The last few days have been productive ones, but today the tide has seemed to somehow turn and I'm now feeling the pinch of money. Budget. As in, I'd feel a lot better about it if there were more of it.
Good news is that I bought a car and got rid of the truck. The truck drop-off netted me $800 I'd forgotten about, which was serving as the security deposit for the guy's truck that I was renting. It's good to be driving the new car rather than the big beast, which was really hard to maneuver in the tight parking lot out back.

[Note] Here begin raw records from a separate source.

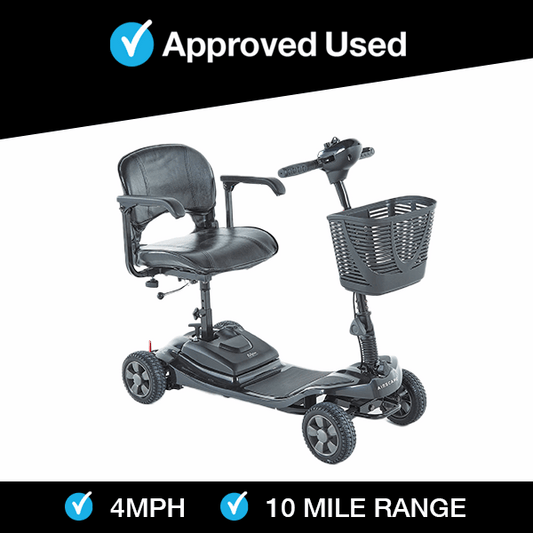 Approved And Used 
Motion Airscape Black Mobility Scooter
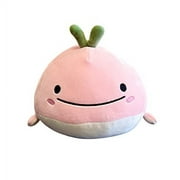Naomi The Whale Pink Squish Plush Pet - Cute Large Squishie Stuffed Animal for Kawaii Room Decor - Snuggaboos Original Super Soft Plushie Pillow Toy - 15 Inch
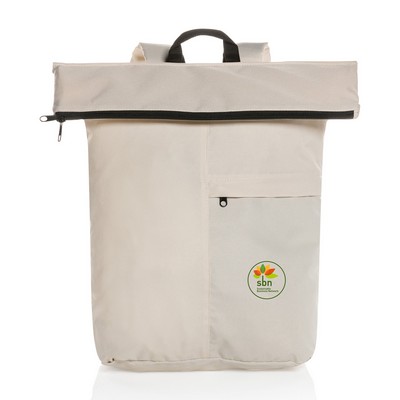 Dillon AWARE™ rPET Lightweight Foldable Backpack - Off White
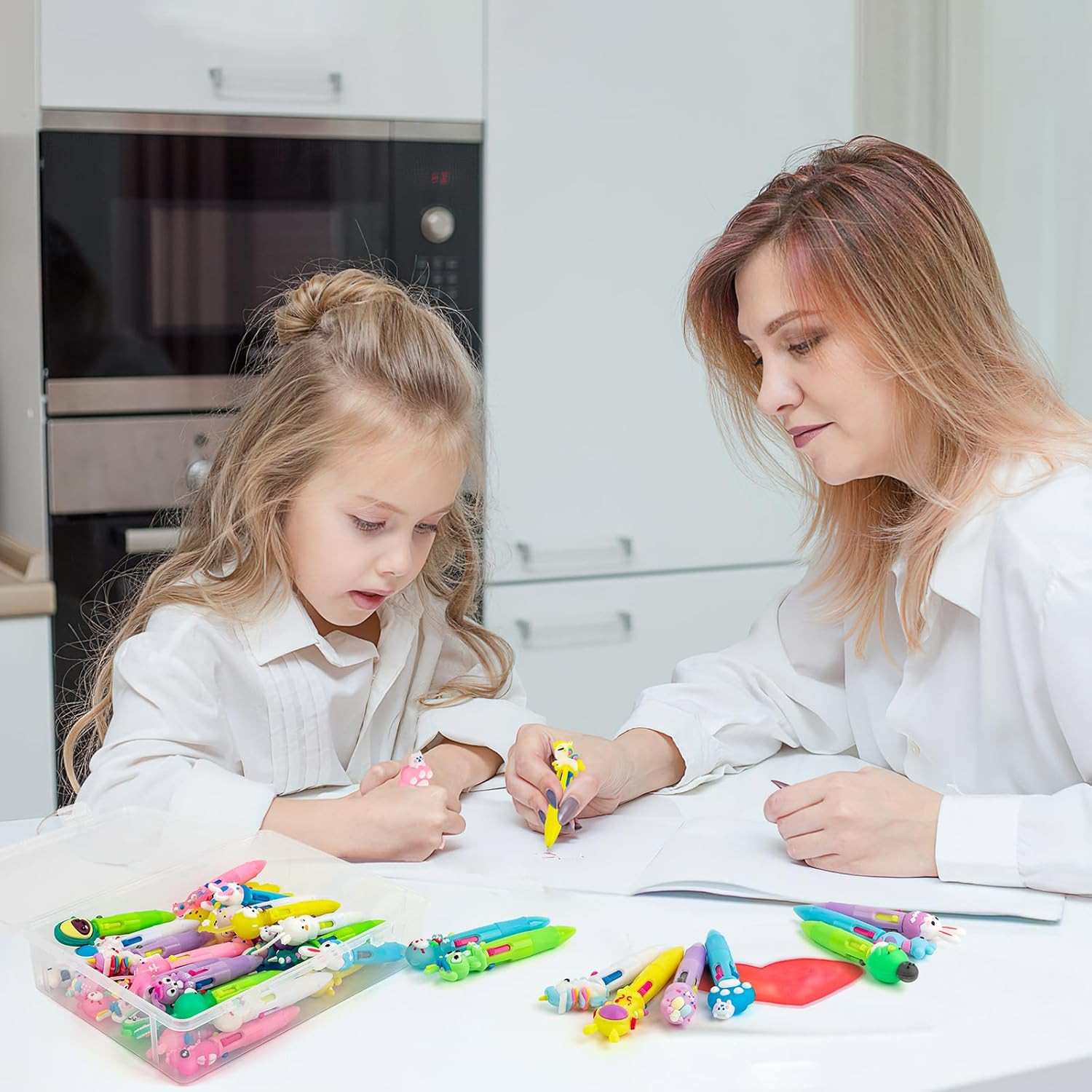 Multicolor Pen in One – Cute Pens for Kids – 42-Pack Multicolor Pens, Perfect fo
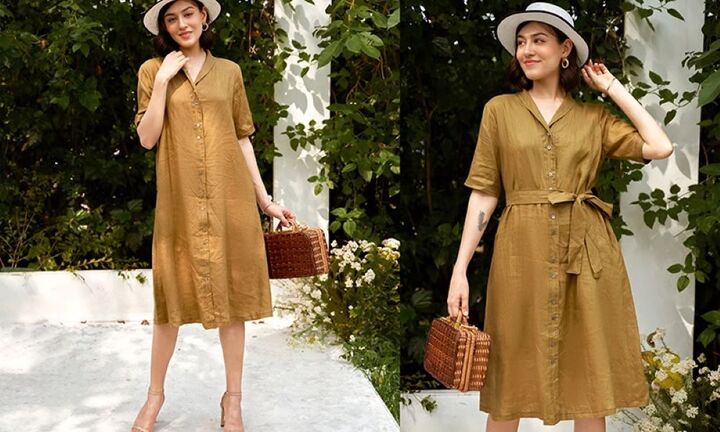 Bước vào mùa thu dịu dàng cùng trang phục linen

You'll notice, if you scrutinize the picture above, that the car's got nearly 100k miles on it. I spent $5k and got a car that I figured would have a great chance of running reliably for three years or so. Last night while I was driving home, the 'check engine' light went on. Great. The Friday of labor day weekend. Fingers crossed for a bit.
One of the main reasons I'm feeling the money pinch is that the bank here in Evanston decided to bounce the cashier's check that I got from the other bank, down in Lincoln Square, when I closed that account. And then, for some reason, decided to debit my account twice for the amount of that check. Once just wasn't enough, apparently.
Days later, after continuing to look at a balance that's much lower than I know it should be, but still not being able to avoid being nervous about it, as if the balance it's telling me really is the real balance, plus, worrying that the whole screw-up would cause the check I wrote to pay for the car to bounce, I finally got word that there was a problem with the endorsement.
I signed it and gave it to the teller, but she didn't stamp it, apparently, to verify that I was endorsing it on behalf of the company. The conversation with the bank guy was not amusing.
Bank guy: "Oh, did you want us to stamp it?"
Me: "I don't know, I don't even know what 'stamp it' means. I wanted you to do whatever needed to be done to make the money go into my account."
BG: "OK, so in this situation, in the future, do you want us to stamp your checks?"
Gaaah! Of course! Jeez, what are you, an idiot? When someone walks up to the window and hands you a big check to deposit into their account, they want you to do ALL THE VARIOUS BOOKKEEPING ACTIONS NECESSARY TO MAKE THE MONEY GO INTO THE ACCOUNT.
Do I have to spell out every step for you people? You're bankers. Bank!
Anyway, I believe the situation will be remedied early next week, but I can't help but worry about money because of it.
Then, besides the car being a potential money sink, I walk in this morning and there's a big puddle of water by the back door, right under where the A/C unit is in the ceiling and I think the worst. I'm immediately moving ladders around, taking ceiling tiles off, and flashlighting around up there, trying to see if there's any kind of leak.
After playing with it for a while, I think it came from the drip pan of one of the countertop beverage coolers we moved back there yesterday, and so is a minor problem, but, again, it's giving me a scare.
Oh, and I opened the electric bill for September and it's over $500. And that's with having all the coolers (including the walk-ins) turned off the entire month!
I've also been spending tons of money. A few $200 orders to restaurant supply stores for smallwares, a meat grinder purchase, a few hundred for hood cleaning/servicing, a few for getting the hot equipment configured and up, a few more for the fire suppression service to recharge the Ansul system, and, on top of all that, a car. All that adds up to an expensive week.
All these little things are making realize how tight my budget is. I'm planning for everything to go smoothly and income to start flowing in my direction in late September. If some of literally dozens of things--most notably, my inspections with the city-- don't happen the way they're supposed to along the way, I'm worried about running out of money.